I did a kitchen a few years ago where we put the DW on an entirely different wall.


----------



## AnthonyC (Jun 11, 2010)

Okay, some design rework. The wife and I are liking this one a lot better.



















We decided to do a blind corner cabinet (not shown) on the east elevation, so the drawers by the sink would fit in better. We decided not to do a built-in hutch style end cabinet, so no need for the asymmetry on the right cabinet. I could just make a nice centered double cabinet.

Please let me know if you see any traps or gotchas. I'll try to do the east wall tonight and show the whole line of cabs.

Thanks again for all the input!


----------



## GrandpaE (Jun 26, 2010)

Just a thought. A few years ago I remodeled our kitchen. I bagged the doors and made drawers in all the lower cabinets. My wife and I agree it was the best deciision we made on the lower cabinets. They are much easier to get items out of instead of trying to find something in the back. I used full extension hidden Blum slides.
It is better than installing drawers inside of cabinets with doors.
Good luck on your project. You will really enjoy the new kitchen.


----------



## AnthonyC (Jun 11, 2010)

We looked into that, but the wife thought that was too much on the lowers. The compromise is that almost every lower cabinet will have a pull out tray of some sort, but will still have a door.

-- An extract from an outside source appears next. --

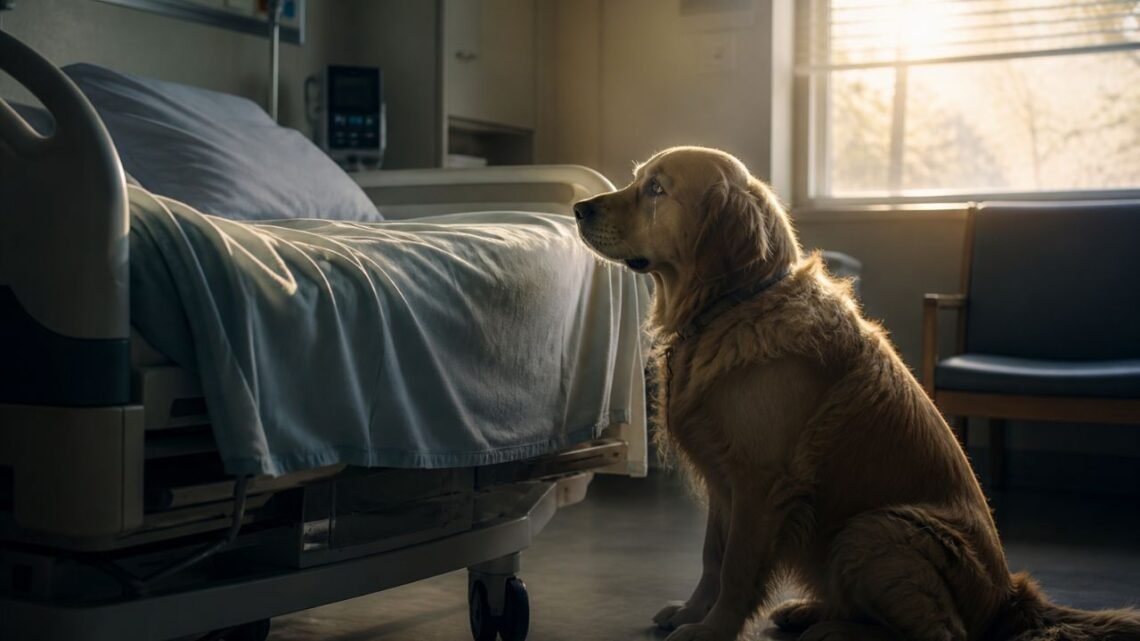 This Golden Retriever Refused to Leave… Here’s Why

Finished the lower cabs in Sketchup. The wife really likes this design the best so far. Still deciding what to do under the stove. I like the open air shelf for heavy pots like the dutch oven and stock pot. The vent hood surround will match the curve.

Thanks again for all the advice, guys.


----------



## rhett (May 11, 2008)

The idea of open shelves sounds nice but you might be better served with two deep drawers. I wouldn't want to stoop down and reach in the back of a base cabinet for my heavy dutch oven if I could step to the side and directly lift it up for use.

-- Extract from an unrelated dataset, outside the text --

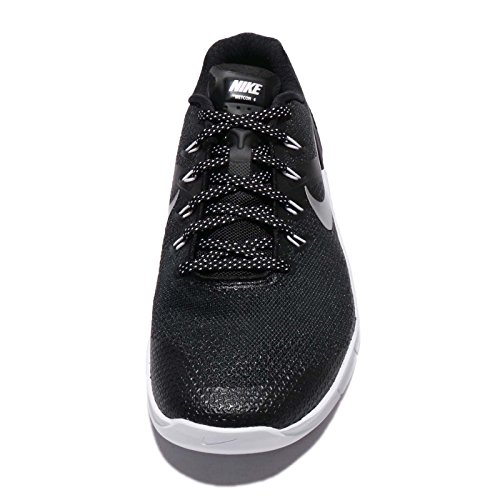 Nike Wmns Metcon 4, Zapatillas de Gimnasia Mujer, Negro (Black/Metallic Silver/White/Volt Glow 001), 42.5 EU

As clean as the design is, I think seeing the clutter of pots and pans will be distracting. These are just my opinions. It would also look nice bumped out with legs to the floor like the two ends.


----------



## AnthonyC (Jun 11, 2010)

Yeah, I know what you mean. Also, the piping and shutoff valve are in there, so I would need a false back that popped out easily.

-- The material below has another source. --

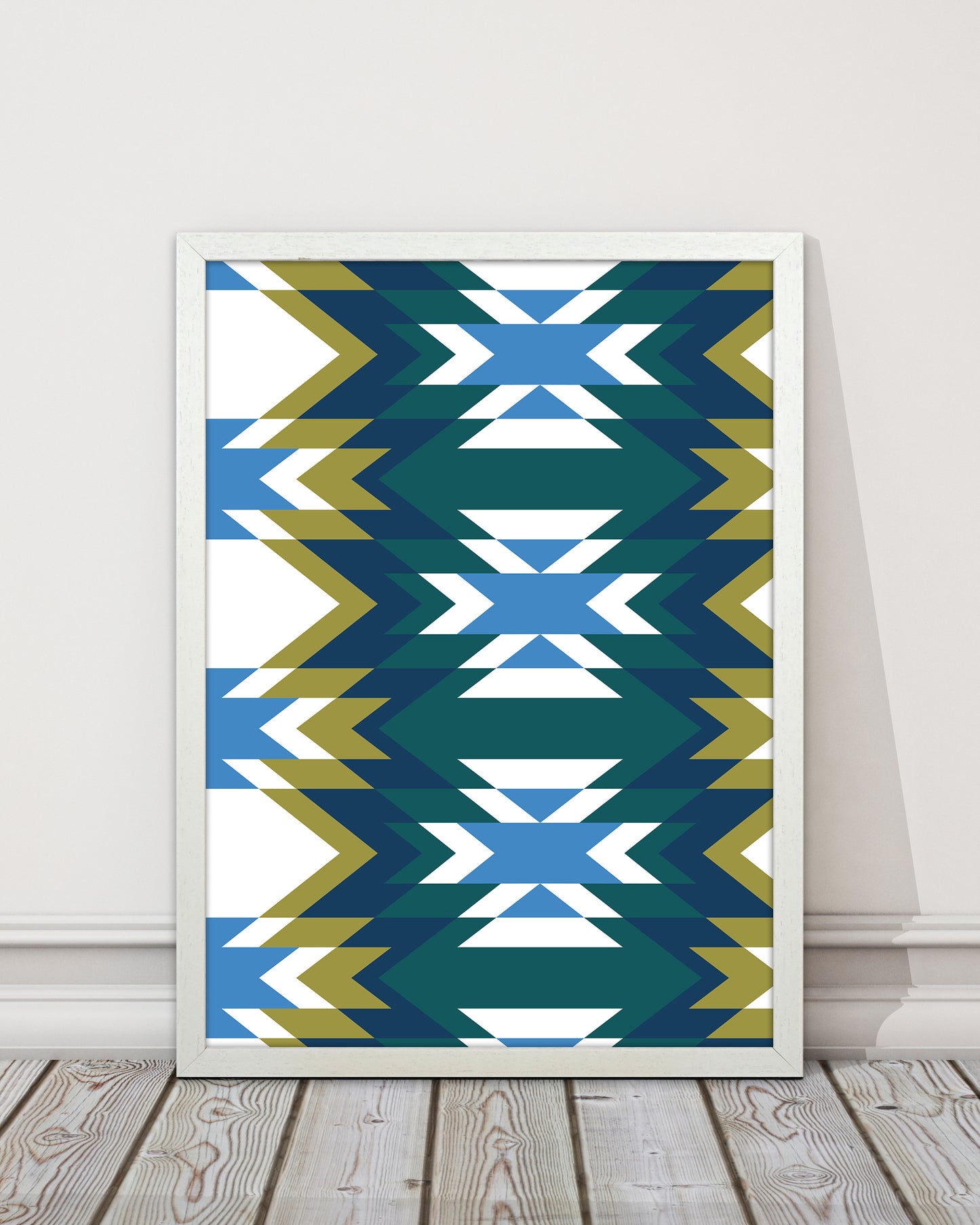 Navajos Print No 1 Abstract Art Print by Kookiepixel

There is an island going in the middle, which is why we weren't considering a bump-out. We're trying to maximize two-person move and cook space and the "lanes" for travel to and from the family room, dining room, and entry foyer (to the upstairs and living room) sort of force the overall design like that. And I guess if the island is blocking the view of the those open shelves, whatever is more ergonomic (drawers) probably makes more sense.

I do love the look of bump-outs for stoves, though. I am considering furniture feet for the corners to finish the look. I may add some extra to the stove cabinet to make it stand out more.

Right now, I'm working on the range hood (mantle style with spice rack). It's going slow because it's the focal point of the room and I'm agonizing every decision.


----------